While Fed chair Jay Powell leans on labor as justification, everything else looks wild, with core inflation hitting 3.1% in August, way above the Fed’s long-term 2% goal.

On the growth front, GDP is still expanding at more than 3% a year, which isn’t the kind of data that usually calls for rate relief.

Rate cut collides with record-level stock rally

Meanwhile, the S&P 500 just posted its 24th record high this year, as Cryptopolitan reported. Since bottoming in April, the index has climbed more than 35%, making this run one of the strongest five-month surges in recent history, rivaling the rebound after the 2008 financial crash.

Despite those numbers, Powell is expected to announce a 25 basis point cut on Wednesday. But the Federal Reserve did the same thing in 2019 and 2024, and each time, the stock market didn’t panic.

When the Fed eases within 2% of the all-time high, stocks tend to go higher a year later. Data from Carson Research shows that in all 20 similar cases, the S&P 500 was up 12 months after, with an average gain of 13.9%.

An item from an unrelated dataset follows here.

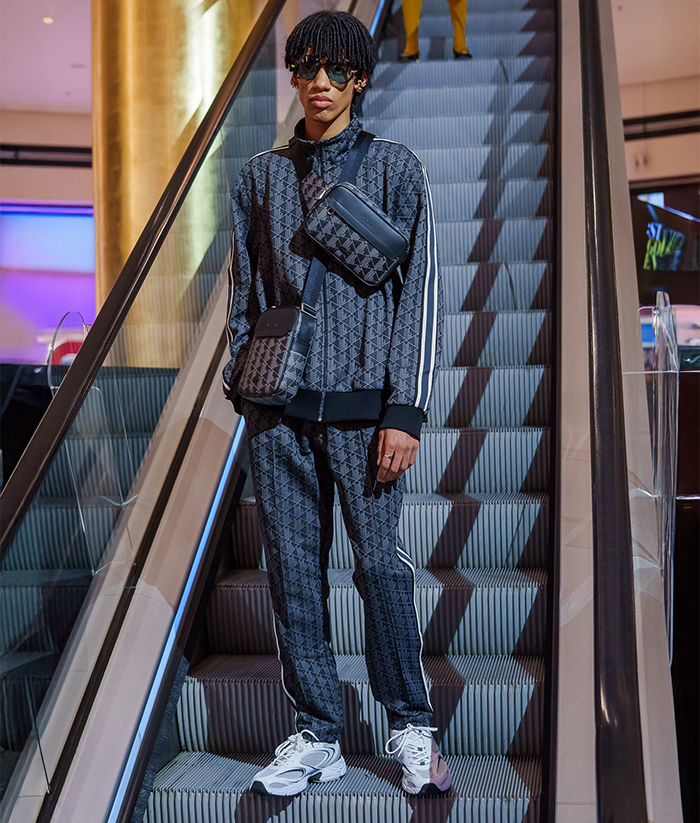 Outfit: Lacoste | Eyewear: Occhio Papavassiliou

But the short-term is a different story. In the month after a rate cut like this, the S&P has dropped 11 out of 22 times. That’s not nothing. Those down months were most common in the late ’80s and early ’90s. Some analysts expect this week’s cut to follow the same pattern: a rocky 30 days, then a stronger year ahead.

The environment is also different now. Rate cuts are landing in the middle of the AI boom. The market is already pricing in faster growth, rising productivity, and expanding margins. But inflation hasn’t backed off, which means lower rates could push everything even higher.

Crypto and commodities surge ahead of the Fed

As Cryptopolitan previously reported, Bitcoin and gold are already moving. Both have been rising in a straight line over the past few weeks, pricing in the reality that lower rates in a hot economy mean higher asset prices.

Gold has made several all-time highs, while Bitcoin stays stuck under $120,000, though its demand has remained sky-high. All that started long before the Fed’s decision, and it’s being reinforced by every inflation print and every tech breakout.

“Markets are already reacting to the liquidity flood,” said Ryan Detrick, Chief Market Strategist at Carson Group. “The trend is clear. When the Fed eases during strong growth, long-term assets benefit.”

One of the stock market’s best performers last session was the Winklevoss twins’ crypto exchange Gemini Space Station, which debuted on Nasdaq Friday. The stock opened at $37.01 on the Nasdaq, about 32% above where its IPO was priced at $28. At one point, shares traded as high as $45.89. The stock closed higher by 14.3%, at $32.